#### What is needed:
Every line from the beginning of the data through the line containing "Masa de birou" should be reproduced exactly, and no further lines should be output.

*** Opening of Records for the exercise ***

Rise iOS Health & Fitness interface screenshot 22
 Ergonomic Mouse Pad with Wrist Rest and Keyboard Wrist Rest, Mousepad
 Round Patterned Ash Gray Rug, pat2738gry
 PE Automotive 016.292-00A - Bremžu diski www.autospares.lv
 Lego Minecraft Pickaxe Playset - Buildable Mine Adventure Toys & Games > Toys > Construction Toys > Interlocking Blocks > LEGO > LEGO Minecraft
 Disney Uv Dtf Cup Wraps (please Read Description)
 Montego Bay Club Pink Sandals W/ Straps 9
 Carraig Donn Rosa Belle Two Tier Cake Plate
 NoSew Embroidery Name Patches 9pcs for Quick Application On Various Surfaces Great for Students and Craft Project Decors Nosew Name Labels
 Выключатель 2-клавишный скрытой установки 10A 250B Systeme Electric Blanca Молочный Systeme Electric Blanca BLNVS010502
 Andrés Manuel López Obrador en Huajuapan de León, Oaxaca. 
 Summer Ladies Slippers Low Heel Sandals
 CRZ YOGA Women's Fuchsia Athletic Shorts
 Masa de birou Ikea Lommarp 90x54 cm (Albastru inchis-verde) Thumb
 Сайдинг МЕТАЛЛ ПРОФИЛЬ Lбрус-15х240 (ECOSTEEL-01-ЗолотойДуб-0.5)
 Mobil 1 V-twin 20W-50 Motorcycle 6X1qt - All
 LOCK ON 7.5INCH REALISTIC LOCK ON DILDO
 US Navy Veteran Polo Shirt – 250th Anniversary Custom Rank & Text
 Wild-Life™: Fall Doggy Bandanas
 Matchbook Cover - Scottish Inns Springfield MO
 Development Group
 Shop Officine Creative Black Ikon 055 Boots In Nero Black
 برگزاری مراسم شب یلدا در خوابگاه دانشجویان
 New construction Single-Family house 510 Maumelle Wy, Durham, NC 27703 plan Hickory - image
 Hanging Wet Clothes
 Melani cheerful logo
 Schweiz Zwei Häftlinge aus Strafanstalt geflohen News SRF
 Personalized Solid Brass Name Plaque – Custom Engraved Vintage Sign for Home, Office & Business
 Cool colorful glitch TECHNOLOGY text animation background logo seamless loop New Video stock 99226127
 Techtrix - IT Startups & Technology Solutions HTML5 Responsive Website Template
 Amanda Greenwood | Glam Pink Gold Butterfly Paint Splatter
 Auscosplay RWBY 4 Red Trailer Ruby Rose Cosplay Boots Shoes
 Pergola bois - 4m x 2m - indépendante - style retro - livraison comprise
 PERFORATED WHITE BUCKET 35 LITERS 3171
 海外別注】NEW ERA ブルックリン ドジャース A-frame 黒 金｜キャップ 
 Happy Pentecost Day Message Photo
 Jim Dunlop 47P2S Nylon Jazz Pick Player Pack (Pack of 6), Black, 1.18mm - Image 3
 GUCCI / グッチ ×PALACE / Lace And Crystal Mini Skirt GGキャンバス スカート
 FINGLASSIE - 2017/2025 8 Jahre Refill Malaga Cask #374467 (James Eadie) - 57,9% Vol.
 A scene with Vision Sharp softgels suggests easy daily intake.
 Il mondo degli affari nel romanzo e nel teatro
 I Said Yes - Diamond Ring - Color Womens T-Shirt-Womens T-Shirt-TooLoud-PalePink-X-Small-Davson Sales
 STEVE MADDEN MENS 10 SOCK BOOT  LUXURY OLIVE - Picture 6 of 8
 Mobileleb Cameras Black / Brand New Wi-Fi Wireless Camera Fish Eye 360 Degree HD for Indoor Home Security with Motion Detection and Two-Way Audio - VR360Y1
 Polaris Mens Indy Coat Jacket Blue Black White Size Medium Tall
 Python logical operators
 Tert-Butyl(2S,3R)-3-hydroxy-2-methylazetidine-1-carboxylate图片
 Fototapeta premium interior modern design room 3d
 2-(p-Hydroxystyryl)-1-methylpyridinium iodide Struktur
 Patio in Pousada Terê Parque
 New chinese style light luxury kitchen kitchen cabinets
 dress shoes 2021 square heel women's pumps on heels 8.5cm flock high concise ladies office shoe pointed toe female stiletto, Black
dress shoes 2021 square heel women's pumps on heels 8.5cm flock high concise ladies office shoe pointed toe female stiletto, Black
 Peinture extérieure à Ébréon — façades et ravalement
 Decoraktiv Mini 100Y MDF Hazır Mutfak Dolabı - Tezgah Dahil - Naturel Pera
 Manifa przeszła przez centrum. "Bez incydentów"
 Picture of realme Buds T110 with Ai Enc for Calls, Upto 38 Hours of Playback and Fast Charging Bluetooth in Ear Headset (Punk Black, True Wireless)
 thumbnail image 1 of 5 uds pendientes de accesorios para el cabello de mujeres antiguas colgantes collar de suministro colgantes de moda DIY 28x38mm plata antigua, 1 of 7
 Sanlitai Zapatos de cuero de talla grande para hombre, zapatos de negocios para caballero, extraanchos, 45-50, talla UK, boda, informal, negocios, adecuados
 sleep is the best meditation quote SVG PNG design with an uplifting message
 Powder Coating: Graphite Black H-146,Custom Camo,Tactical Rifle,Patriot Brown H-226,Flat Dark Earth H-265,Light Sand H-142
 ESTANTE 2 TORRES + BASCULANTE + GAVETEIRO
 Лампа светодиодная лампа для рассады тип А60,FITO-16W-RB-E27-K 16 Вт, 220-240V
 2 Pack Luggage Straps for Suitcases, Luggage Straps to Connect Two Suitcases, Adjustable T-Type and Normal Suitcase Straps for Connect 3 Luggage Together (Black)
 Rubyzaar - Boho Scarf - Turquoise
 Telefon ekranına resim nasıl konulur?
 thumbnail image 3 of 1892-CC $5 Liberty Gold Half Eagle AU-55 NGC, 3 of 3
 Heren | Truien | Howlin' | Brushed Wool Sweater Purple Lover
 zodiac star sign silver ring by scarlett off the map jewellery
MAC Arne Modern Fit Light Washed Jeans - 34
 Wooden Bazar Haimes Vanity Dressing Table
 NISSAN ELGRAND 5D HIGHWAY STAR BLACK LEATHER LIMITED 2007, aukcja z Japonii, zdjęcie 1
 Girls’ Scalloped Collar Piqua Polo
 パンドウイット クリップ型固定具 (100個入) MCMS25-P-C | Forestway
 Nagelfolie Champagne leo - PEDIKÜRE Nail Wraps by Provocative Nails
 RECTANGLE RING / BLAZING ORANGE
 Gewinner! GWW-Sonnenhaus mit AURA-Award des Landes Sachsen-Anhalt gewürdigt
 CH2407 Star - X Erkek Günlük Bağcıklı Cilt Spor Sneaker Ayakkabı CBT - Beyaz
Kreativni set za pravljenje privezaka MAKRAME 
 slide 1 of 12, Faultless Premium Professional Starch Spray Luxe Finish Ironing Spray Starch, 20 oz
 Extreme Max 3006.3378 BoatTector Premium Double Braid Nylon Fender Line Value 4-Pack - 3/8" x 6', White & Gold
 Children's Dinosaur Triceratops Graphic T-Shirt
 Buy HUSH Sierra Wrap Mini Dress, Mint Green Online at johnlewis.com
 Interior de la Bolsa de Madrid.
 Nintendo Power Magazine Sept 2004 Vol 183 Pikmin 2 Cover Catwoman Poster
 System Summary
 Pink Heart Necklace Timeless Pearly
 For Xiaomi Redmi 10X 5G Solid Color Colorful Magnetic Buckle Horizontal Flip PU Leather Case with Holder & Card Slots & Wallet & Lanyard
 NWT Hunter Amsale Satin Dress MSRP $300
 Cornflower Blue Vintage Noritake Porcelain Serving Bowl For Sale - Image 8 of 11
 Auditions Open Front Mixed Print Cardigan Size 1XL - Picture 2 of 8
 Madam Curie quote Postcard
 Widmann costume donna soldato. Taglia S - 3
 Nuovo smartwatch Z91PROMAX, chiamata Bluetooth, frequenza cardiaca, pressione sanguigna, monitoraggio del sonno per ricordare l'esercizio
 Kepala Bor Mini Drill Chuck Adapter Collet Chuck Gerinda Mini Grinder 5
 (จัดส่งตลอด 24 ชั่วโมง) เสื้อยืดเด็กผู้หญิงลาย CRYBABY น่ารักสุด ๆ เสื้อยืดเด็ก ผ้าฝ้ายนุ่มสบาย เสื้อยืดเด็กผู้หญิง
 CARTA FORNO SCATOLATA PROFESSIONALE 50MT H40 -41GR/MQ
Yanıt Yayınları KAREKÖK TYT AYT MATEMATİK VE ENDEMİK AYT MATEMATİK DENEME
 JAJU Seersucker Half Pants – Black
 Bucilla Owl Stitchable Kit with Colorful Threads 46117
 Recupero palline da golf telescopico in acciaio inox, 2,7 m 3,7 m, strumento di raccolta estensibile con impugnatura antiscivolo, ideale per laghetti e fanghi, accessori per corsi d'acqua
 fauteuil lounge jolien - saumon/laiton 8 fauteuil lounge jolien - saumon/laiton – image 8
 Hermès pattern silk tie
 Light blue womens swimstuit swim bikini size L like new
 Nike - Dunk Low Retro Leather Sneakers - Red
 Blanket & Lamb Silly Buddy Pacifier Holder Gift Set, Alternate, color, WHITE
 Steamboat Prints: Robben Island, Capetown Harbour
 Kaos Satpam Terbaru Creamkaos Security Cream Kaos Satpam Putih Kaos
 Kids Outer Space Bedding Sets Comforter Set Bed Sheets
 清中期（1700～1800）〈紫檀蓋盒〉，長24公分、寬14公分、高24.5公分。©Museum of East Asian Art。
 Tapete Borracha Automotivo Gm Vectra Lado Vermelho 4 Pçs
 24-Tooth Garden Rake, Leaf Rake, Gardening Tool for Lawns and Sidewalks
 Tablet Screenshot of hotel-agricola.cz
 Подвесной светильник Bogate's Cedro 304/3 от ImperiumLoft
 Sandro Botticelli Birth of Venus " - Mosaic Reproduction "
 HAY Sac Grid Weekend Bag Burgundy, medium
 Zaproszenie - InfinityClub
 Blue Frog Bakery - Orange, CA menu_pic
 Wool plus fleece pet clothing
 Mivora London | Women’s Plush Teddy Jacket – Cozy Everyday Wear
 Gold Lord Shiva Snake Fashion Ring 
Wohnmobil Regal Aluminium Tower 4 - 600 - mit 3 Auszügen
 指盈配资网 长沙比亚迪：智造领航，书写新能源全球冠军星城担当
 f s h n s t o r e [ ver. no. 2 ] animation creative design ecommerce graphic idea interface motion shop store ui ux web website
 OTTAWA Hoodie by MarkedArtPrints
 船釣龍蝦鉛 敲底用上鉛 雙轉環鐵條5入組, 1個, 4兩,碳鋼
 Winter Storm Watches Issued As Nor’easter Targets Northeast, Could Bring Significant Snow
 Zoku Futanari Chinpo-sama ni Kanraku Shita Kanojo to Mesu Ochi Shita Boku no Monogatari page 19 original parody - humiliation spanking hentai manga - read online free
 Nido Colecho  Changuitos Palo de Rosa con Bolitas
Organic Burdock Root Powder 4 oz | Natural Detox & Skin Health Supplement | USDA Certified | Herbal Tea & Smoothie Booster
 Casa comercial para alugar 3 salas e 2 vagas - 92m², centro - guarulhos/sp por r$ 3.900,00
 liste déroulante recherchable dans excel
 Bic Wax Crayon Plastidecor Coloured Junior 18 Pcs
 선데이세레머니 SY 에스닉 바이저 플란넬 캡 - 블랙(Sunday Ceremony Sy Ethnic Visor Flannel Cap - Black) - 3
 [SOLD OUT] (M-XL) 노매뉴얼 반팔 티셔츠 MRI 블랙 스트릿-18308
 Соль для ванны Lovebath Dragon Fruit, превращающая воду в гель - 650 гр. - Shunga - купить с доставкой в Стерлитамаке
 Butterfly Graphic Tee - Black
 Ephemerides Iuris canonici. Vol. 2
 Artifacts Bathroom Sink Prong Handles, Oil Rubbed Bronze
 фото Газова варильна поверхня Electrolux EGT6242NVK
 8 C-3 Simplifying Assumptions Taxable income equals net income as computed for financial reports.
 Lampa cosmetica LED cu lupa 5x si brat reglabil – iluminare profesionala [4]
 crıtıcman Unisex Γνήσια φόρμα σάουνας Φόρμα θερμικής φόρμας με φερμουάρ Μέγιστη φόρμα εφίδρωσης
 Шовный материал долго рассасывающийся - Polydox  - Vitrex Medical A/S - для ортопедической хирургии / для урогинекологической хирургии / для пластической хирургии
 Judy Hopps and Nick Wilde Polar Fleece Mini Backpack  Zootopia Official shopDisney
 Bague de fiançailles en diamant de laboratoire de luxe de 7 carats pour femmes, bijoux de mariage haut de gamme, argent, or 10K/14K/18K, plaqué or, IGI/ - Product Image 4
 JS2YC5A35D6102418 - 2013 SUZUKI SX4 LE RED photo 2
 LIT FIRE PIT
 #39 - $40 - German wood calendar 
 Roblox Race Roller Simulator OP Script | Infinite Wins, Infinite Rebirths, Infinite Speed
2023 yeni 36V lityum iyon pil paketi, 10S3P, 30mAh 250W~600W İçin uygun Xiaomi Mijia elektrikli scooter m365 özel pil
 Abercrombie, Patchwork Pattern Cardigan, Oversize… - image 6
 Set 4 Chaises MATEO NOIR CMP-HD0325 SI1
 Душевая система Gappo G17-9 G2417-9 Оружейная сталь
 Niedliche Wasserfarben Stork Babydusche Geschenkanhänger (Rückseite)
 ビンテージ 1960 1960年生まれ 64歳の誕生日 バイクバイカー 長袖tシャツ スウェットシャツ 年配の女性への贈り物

*** Close of Records for the exercise ***

#### Response to this task:
Rise iOS Health & Fitness interface screenshot 22
 Ergonomic Mouse Pad with Wrist Rest and Keyboard Wrist Rest, Mousepad
 Round Patterned Ash Gray Rug, pat2738gry
 PE Automotive 016.292-00A - Bremžu diski www.autospares.lv
 Lego Minecraft Pickaxe Playset - Buildable Mine Adventure Toys & Games > Toys > Construction Toys > Interlocking Blocks > LEGO > LEGO Minecraft
 Disney Uv Dtf Cup Wraps (please Read Description)
 Montego Bay Club Pink Sandals W/ Straps 9
 Carraig Donn Rosa Belle Two Tier Cake Plate
 NoSew Embroidery Name Patches 9pcs for Quick Application On Various Surfaces Great for Students and Craft Project Decors Nosew Name Labels
 Выключатель 2-клавишный скрытой установки 10A 250B Systeme Electric Blanca Молочный Systeme Electric Blanca BLNVS010502
 Andrés Manuel López Obrador en Huajuapan de León, Oaxaca. 
 Summer Ladies Slippers Low Heel Sandals
 CRZ YOGA Women's Fuchsia Athletic Shorts
 Masa de birou Ikea Lommarp 90x54 cm (Albastru inchis-verde) Thumb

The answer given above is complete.